What is needed:
Everything from the line with "knowledge of underlying message and the" to the end of the data below must be returned exactly as it is, and nothing besides.

Provided data:
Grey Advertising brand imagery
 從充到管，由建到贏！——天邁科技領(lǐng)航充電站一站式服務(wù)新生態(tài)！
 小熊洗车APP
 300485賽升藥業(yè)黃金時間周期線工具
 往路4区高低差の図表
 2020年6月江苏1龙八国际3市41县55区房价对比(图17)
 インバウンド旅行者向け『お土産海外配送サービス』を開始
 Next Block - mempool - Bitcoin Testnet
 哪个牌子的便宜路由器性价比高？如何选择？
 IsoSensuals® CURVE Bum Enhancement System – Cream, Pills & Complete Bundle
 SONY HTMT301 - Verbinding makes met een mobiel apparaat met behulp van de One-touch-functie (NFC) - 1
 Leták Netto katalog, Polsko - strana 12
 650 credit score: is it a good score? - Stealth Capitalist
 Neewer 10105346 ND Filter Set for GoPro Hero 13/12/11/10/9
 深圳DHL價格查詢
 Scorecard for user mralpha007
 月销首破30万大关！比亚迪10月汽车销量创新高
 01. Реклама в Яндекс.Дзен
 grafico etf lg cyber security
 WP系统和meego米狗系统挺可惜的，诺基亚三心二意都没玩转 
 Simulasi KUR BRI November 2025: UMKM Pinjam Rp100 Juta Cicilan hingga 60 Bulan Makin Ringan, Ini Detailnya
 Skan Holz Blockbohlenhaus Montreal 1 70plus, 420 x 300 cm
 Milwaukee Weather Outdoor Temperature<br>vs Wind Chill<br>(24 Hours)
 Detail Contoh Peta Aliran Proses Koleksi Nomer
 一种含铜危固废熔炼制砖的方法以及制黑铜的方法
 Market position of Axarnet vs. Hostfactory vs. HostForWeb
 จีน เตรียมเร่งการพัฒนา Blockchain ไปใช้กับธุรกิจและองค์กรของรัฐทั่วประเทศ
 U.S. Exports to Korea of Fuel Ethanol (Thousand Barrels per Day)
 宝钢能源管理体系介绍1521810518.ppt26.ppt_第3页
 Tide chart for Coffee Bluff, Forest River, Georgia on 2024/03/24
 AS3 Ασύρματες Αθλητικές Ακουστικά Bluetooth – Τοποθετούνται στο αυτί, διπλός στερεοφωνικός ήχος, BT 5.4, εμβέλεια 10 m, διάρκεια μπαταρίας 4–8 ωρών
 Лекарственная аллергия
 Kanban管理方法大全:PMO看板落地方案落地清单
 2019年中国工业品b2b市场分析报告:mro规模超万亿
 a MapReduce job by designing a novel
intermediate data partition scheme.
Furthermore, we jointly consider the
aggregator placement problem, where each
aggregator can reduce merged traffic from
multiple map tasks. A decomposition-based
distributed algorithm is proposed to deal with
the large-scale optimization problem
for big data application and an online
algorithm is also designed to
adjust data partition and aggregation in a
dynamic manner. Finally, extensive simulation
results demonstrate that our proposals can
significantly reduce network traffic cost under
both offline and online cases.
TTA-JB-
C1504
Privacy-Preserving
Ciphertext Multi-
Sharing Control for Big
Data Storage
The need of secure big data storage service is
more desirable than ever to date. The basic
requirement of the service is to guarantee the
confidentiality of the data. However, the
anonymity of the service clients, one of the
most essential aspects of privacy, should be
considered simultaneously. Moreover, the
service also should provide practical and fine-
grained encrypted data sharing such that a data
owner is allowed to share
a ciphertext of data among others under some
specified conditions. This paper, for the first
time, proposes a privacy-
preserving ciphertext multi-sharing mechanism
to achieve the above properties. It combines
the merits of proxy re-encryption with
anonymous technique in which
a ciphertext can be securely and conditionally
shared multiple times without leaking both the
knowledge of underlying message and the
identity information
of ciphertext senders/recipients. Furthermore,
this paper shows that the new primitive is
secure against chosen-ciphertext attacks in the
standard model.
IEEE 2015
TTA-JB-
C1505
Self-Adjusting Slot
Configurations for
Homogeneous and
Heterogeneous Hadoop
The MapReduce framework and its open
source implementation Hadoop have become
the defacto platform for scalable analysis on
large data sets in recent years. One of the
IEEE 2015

Task result:
knowledge of underlying message and the
identity information
of ciphertext senders/recipients. Furthermore,
this paper shows that the new primitive is
secure against chosen-ciphertext attacks in the
standard model.
IEEE 2015
TTA-JB-
C1505
Self-Adjusting Slot
Configurations for
Homogeneous and
Heterogeneous Hadoop
The MapReduce framework and its open
source implementation Hadoop have become
the defacto platform for scalable analysis on
large data sets in recent years. One of the
IEEE 2015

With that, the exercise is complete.